Draft Genome Sequence of Purine-Degrading Clostridium cylindrosporum HC-1 (DSM 605).

Here, we report the draft genome sequence of Clostridium cylindrosporum HC-1, a purine- and glycine-fermenting anaerobe, which uses selenoprotein glycine reductase for substrate degradation. The genome consists of a single chromosome (2.72 Mb) and a circular plasmid (14.4 kb).

GENOME ANNOUNCEMENT

Anaerobic purine degradation was first discovered by Liebert when he isolated Bacillus acidiurici that decomposed uric acid to acetate, carbon dioxide, and ammonia (1). Later, Barker and Beck isolated and described the purine-degrading Clostridium acidiurici (later C. acidurici) and C. cylindrosporum from soil throughout California and from Provo, Utah (2, 3). C. acidurici is most likely Liebert’s B. acidiurici (4). Differentiation between the two species was first based on morphological features and the production of glycine and formate besides acetate. Other features proposed were amino acid composition and immunochemistry of ferredoxin and formyltetrahydrofolate synthetase (5), trace element requirement for optimal formate dehydrogenase activity (6), and nutritional requirements (6, 7). As routine identification methods did not allow an easy distinction, C. cylindrosporum was removed from the approved lists of bacterial names (8) and the original name was only later revived (9). Finally, DNA-DNA hybridization allowed a clear-cut distinction between strains of C. acidurici and C. cylindrosporum (10). C. acidurici was recently reclassified into the new genus Gottschalkia (11). The genome sequence of G. acidurici has already been reported (12), and the C. cylindrosporum sequence reported here complements these data.

Chromosomal DNA was isolated using the MasterPure complete DNA purification kit (Epicentre, Madison, WI, USA). Illumina shotgun libraries were generated from the extracted DNA according to the protocol of the manufacturer. Sequencing was performed using the Genome Analyzer IIx (Illumina, San Diego, CA) resulting in 4,303,040 112-bp paired-end reads.

The de novo assembly performed with the SPAdes genome assembler software 3.5.0 (13) resulted in 28 contigs (>500 bp) and an average coverage of 176-fold. The genome of C. cylindrosporum consists of a chromosome (2.72 Mb) and a plasmid (14.4 kb) with an overall G+C content of 31.46%. Automatic gene prediction was performed using the software tool Prodigal (14). Genes coding for rRNA and tRNA were identified using RNAmmer (15) and tRNAscan (16), respectively. The Integrated Microbial Genomes-Expert Review (IMG-ER) system (17) was used for automatic annotation, which was subsequently manually curated by using the Swiss-Prot, TrEMBL, and InterPro databases (18). The genome harbored 9 rRNA genes, 65 tRNA genes, 1,879 protein-coding genes with predicted functions, and 743 genes coding for hypothetical proteins.

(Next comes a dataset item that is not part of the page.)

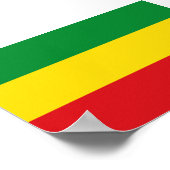 Rastafarian Vlag Rasta Ethiopisch Poster (Hoek)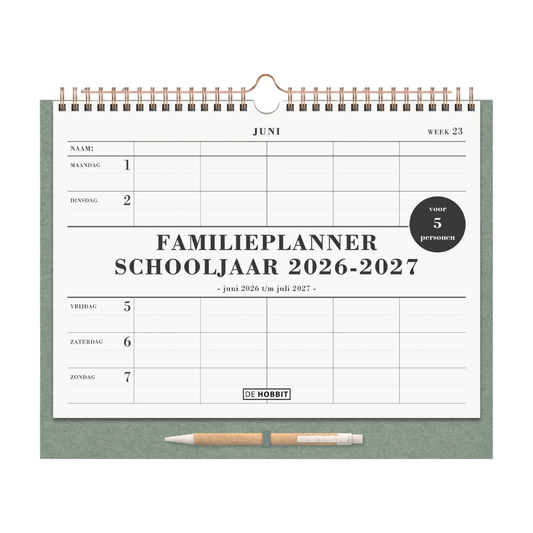 Familieplanner liggend 2026-2027 A4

Genome analysis also revealed the presence of genes encoding a glycine reductase comparable to those identified in Eubacterium acidaminophilum (19) and Sporomusa ovata (20), or C. litorale (21) including the grdX gene, which is always located upstream of the glycine reductase operon. The function of this protein is not clear yet, but it may either have a regulatory function or it is involved in the enzymatic glycine reduction. We therefore propose to annotate this gene as glycine reductase-associated protein GrdX. This is clearly different than G. acidurici, which was found not to harbor glycine reductase genes (12). Genome inspection also showed that genes coding for the carbonyl branch of the Wood-Ljungdahl pathway are not present.

Nucleotide sequence accession numbers.

This whole-genome shotgun project has been deposited at DDBJ/EMBL/GenBank under the accession no. LFVU00000000. The version described in this paper is version LFVU01000000.